Background and study aims Practicing endoscopists have variable polypectomy skills during colonoscopy and limited training opportunities for improvement. Simulation-based training enhances procedural skill, but its impact on polypectomy is unclear. We developed a simulation-based polypectomy intervention to improve polypectomy competency.

Methods All faculty endoscopists at our tertiary care center who perform colonoscopy with polypectomy were recruited for a simulation-based intervention assessing sessile and stalked polypectomy. Endoscopists removed five polyps in a simulation environment at pretest followed by a training intervention including a video, practice, and one-on-one feedback.
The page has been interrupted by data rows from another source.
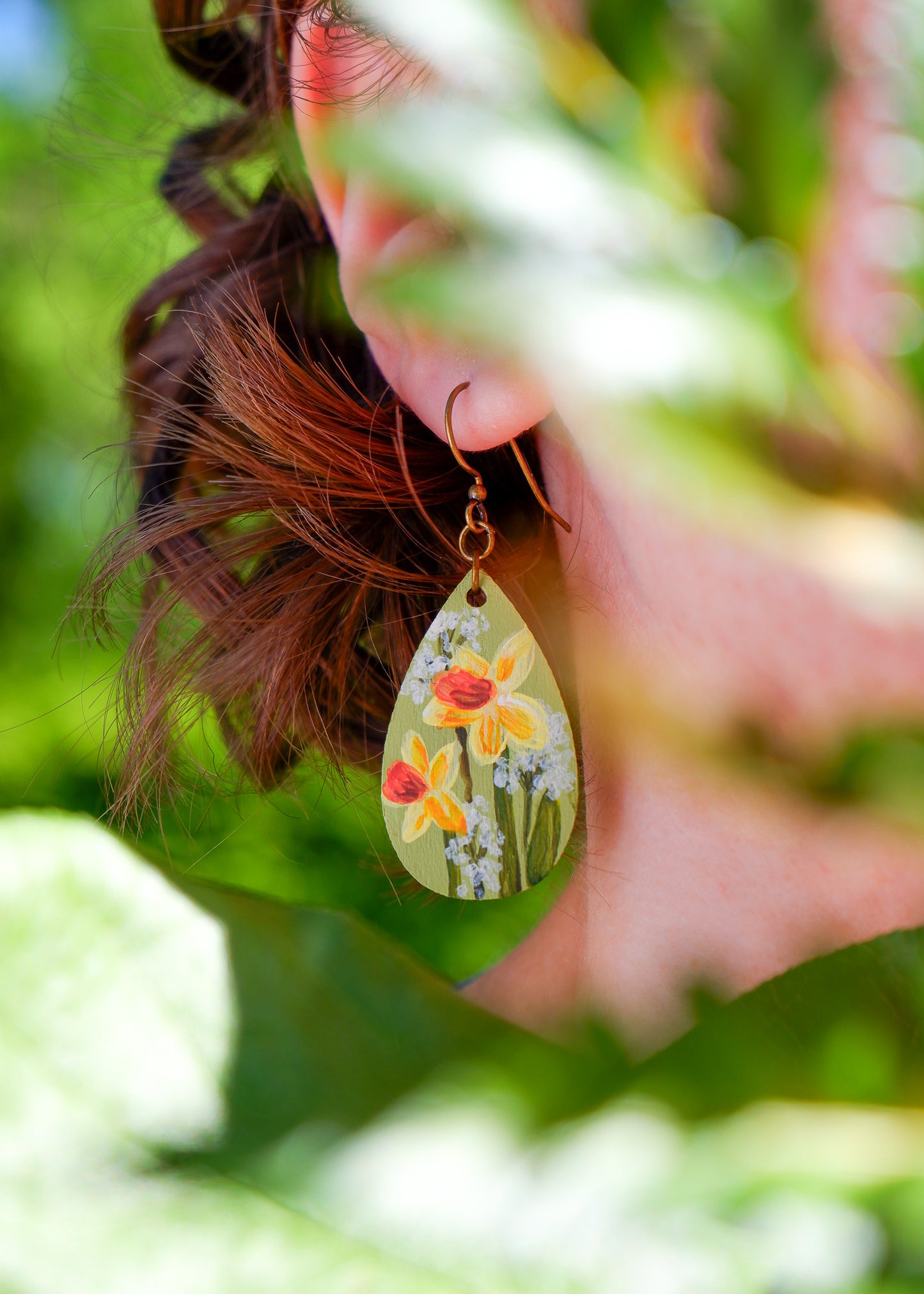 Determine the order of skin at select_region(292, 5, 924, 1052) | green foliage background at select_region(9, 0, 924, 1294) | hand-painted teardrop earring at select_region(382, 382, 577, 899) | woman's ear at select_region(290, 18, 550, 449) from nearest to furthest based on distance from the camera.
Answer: green foliage background at select_region(9, 0, 924, 1294)
skin at select_region(292, 5, 924, 1052)
woman's ear at select_region(290, 18, 550, 449)
hand-painted teardrop earring at select_region(382, 382, 577, 899)

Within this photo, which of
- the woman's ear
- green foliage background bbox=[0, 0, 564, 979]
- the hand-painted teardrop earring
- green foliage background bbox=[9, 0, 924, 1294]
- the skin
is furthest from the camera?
green foliage background bbox=[0, 0, 564, 979]

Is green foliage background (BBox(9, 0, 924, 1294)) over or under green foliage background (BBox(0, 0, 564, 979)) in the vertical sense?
over

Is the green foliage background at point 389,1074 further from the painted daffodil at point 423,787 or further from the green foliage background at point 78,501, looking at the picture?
the green foliage background at point 78,501

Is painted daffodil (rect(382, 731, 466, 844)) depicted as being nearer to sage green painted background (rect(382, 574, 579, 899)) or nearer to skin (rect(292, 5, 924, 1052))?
sage green painted background (rect(382, 574, 579, 899))

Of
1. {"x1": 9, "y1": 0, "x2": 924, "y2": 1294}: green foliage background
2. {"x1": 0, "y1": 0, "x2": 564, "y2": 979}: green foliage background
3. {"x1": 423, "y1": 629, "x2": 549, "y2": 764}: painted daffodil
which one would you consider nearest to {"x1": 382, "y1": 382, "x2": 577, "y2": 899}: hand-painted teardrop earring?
{"x1": 423, "y1": 629, "x2": 549, "y2": 764}: painted daffodil

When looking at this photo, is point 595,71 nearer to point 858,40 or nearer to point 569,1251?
point 858,40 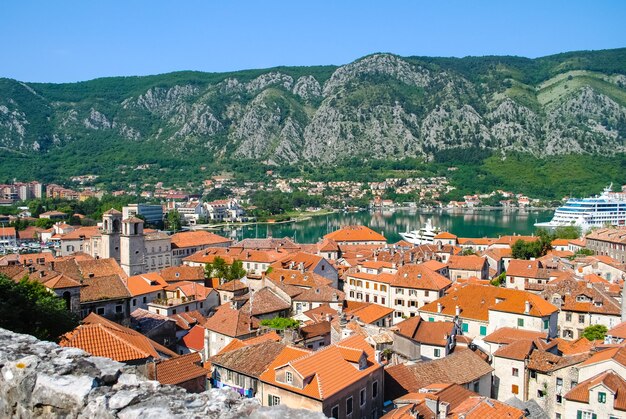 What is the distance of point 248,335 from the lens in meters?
26.3

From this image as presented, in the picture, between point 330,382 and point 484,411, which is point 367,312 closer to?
point 484,411

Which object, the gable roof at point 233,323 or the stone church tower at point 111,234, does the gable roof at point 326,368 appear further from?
the stone church tower at point 111,234

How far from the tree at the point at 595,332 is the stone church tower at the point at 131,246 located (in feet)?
120

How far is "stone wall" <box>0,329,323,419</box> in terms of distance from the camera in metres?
3.71

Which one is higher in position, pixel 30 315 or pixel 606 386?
pixel 30 315

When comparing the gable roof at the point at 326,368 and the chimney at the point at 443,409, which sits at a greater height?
the gable roof at the point at 326,368

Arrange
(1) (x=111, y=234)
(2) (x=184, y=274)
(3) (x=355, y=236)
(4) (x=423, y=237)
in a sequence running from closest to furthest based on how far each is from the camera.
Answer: (2) (x=184, y=274) → (1) (x=111, y=234) → (3) (x=355, y=236) → (4) (x=423, y=237)

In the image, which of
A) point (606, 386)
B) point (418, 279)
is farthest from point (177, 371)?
point (418, 279)

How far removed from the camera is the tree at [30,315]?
14820mm

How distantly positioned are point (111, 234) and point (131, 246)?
2237 millimetres

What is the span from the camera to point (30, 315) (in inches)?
632

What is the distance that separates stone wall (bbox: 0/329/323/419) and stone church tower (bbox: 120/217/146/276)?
45.4 metres

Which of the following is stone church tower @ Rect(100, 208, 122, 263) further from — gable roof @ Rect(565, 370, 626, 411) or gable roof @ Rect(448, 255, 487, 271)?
gable roof @ Rect(565, 370, 626, 411)

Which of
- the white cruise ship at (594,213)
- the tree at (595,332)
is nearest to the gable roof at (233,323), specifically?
the tree at (595,332) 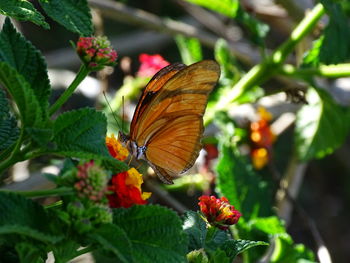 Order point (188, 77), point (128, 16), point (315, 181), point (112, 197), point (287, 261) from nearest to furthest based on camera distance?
point (112, 197)
point (188, 77)
point (287, 261)
point (128, 16)
point (315, 181)

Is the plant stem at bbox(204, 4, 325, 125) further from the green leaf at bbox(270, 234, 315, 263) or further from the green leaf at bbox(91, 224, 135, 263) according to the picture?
the green leaf at bbox(91, 224, 135, 263)

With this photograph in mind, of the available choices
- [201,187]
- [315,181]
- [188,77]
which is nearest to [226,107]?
[201,187]

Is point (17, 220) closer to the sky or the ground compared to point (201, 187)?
closer to the sky

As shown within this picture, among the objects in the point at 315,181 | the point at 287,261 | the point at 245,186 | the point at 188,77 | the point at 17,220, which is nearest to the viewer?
the point at 17,220

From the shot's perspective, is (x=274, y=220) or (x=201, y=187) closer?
(x=274, y=220)

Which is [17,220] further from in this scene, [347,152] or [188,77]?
[347,152]

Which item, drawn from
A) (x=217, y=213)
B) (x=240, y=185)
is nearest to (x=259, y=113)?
(x=240, y=185)

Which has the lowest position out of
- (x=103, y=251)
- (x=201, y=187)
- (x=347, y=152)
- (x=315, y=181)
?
(x=315, y=181)

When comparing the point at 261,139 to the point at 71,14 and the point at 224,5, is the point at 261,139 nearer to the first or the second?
the point at 224,5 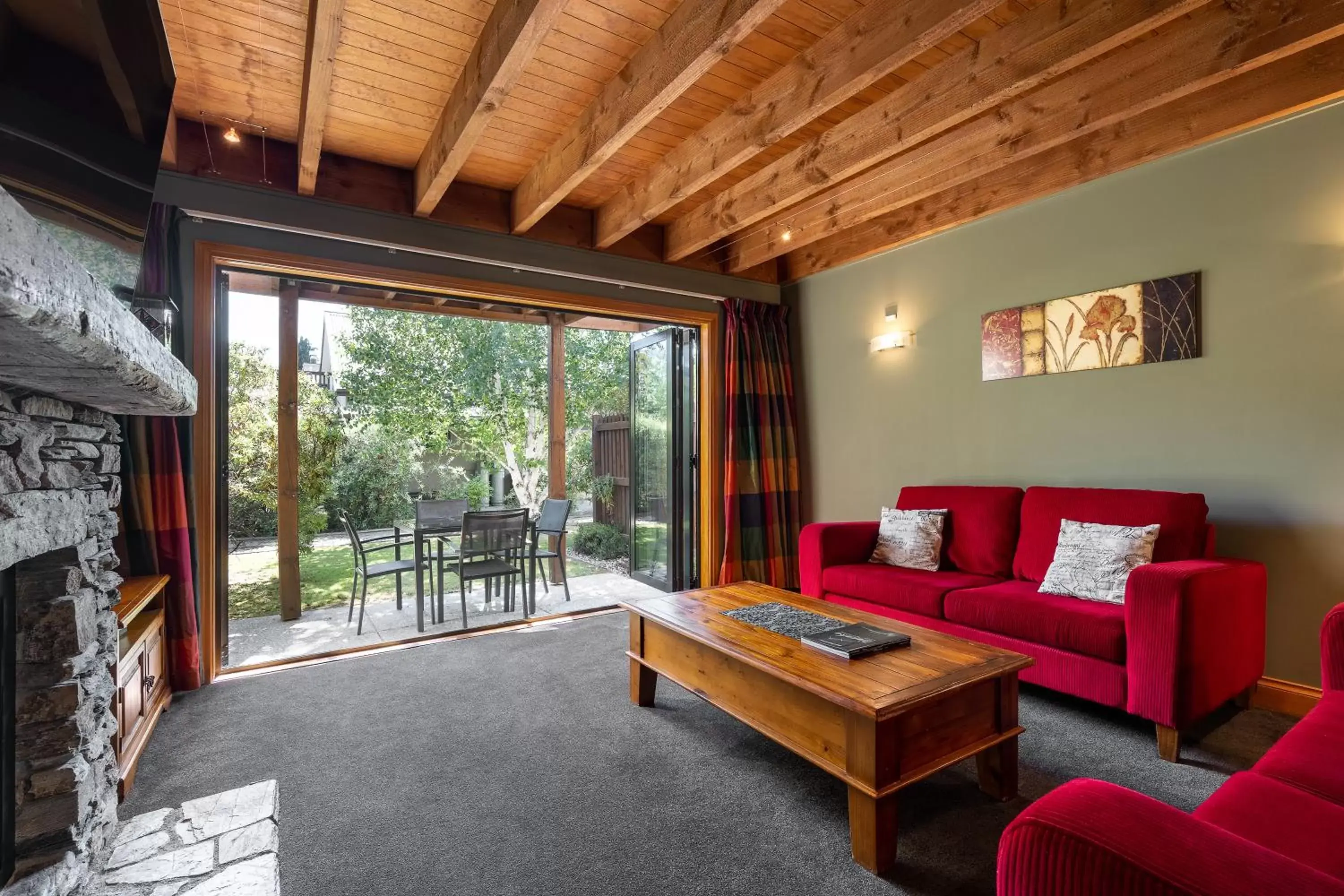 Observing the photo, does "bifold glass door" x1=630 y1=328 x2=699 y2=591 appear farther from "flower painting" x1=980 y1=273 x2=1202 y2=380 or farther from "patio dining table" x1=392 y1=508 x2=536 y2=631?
"flower painting" x1=980 y1=273 x2=1202 y2=380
Within 1–4 weeks, endoscopists removed five new simulated polyps at post-test. We used the Direct Observation of Polypectomy Skills (DOPyS) checklist for assessment, evaluating individual polypectomy skills, and global competency (scale: 1–4). Competency was defined as an average global competency score of ≥ 3.

Results 83 % (29/35) of eligible endoscopists participated and 95 % (276/290) of planned polypectomies were completed. Only 17 % (5/29) of endoscopists had average global competency scores that were competent at pretest compared with 52 % (15/29) at post-test (P = 0.01). Of all completed polypectomies, the competent polypectomy rate significantly improved from pretest to post-test (55 % vs. 71 %; P < 0.01). This improvement was significant for sessile polypectomy (37 % vs. 65 %; P < 0.01) but not for stalked polypectomy (82 % vs. 80 %; P = 0.70).

Conclusions Simulation-based training improved polypectomy skills among practicing endoscopists. Further studies are needed to assess the translation of simulation-based education to clinical practice.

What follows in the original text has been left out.